* Required action
In your copy, leave out the pictures and output only the lines from the one holding "محطة توقف أعضاء الرحلة للمبيت بالصحراء" through the end of the data below, exactly.

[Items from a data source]
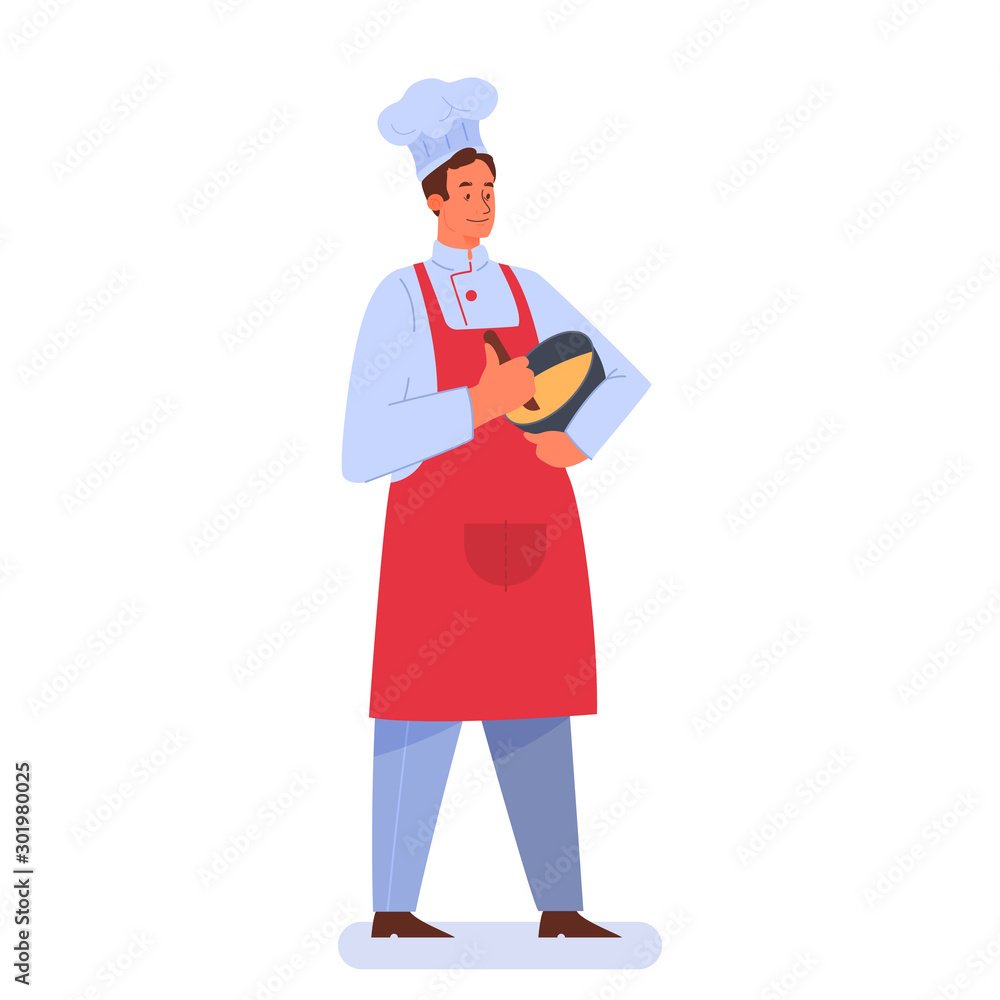 Collection of people in apron making tasty dish Collection of people in apron making tasty dish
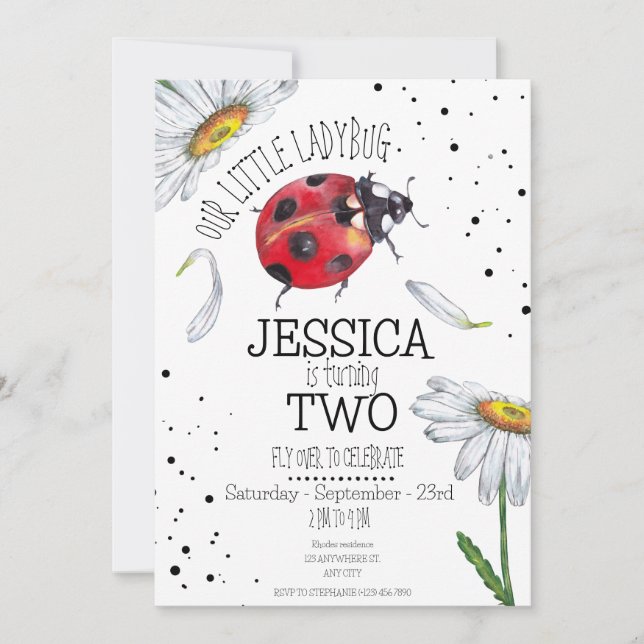Magical Watercolor Cute Birthday Girl Ladybug Invitation (Front)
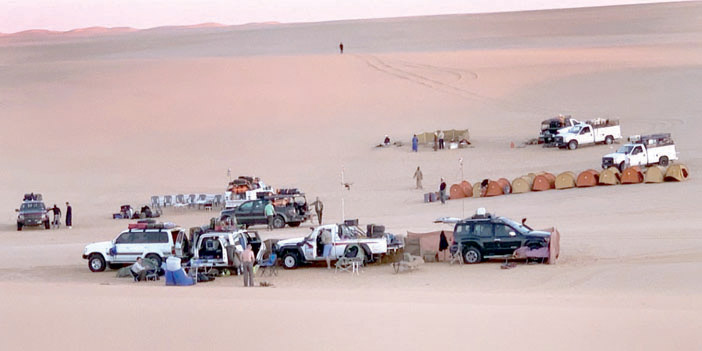 محطة توقف أعضاء الرحلة للمبيت بالصحراء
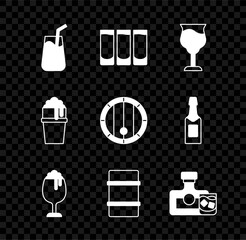 Sticker - Set Cocktail, Shot glass, Wine, Glass of beer, Metal keg, Whiskey bottle and, and Wooden barrel icon. Vector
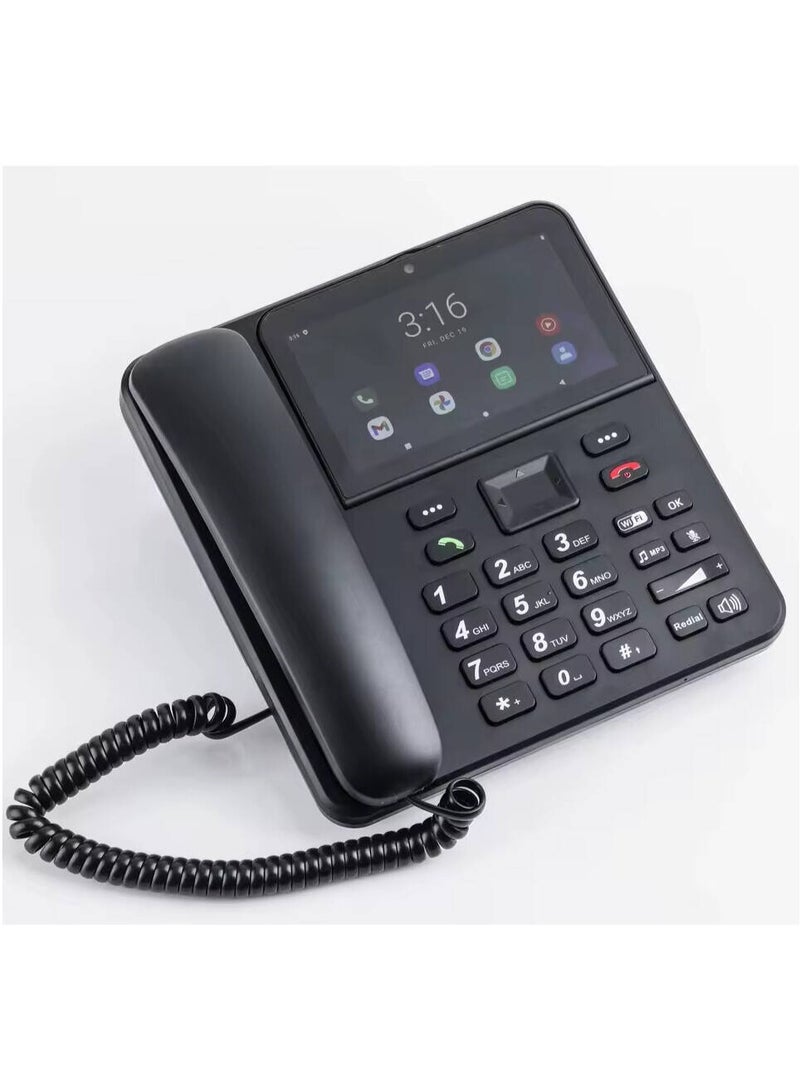 FIPKA ZT9300 Landline Phone, 5" Touch Screen Display,  Android System, WiFi 4G Video Telephone, 4G Dual SIM Cards, Wireless Functionality, Black | ZT9300 - Image 3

* Exercise solution
 محطة توقف أعضاء الرحلة للمبيت بالصحراء
 Sticker - Set Cocktail, Shot glass, Wine, Glass of beer, Metal keg, Whiskey bottle and, and Wooden barrel icon. Vector
 FIPKA ZT9300 Landline Phone, 5" Touch Screen Display,  Android System, WiFi 4G Video Telephone, 4G Dual SIM Cards, Wireless Functionality, Black | ZT9300 - Image 3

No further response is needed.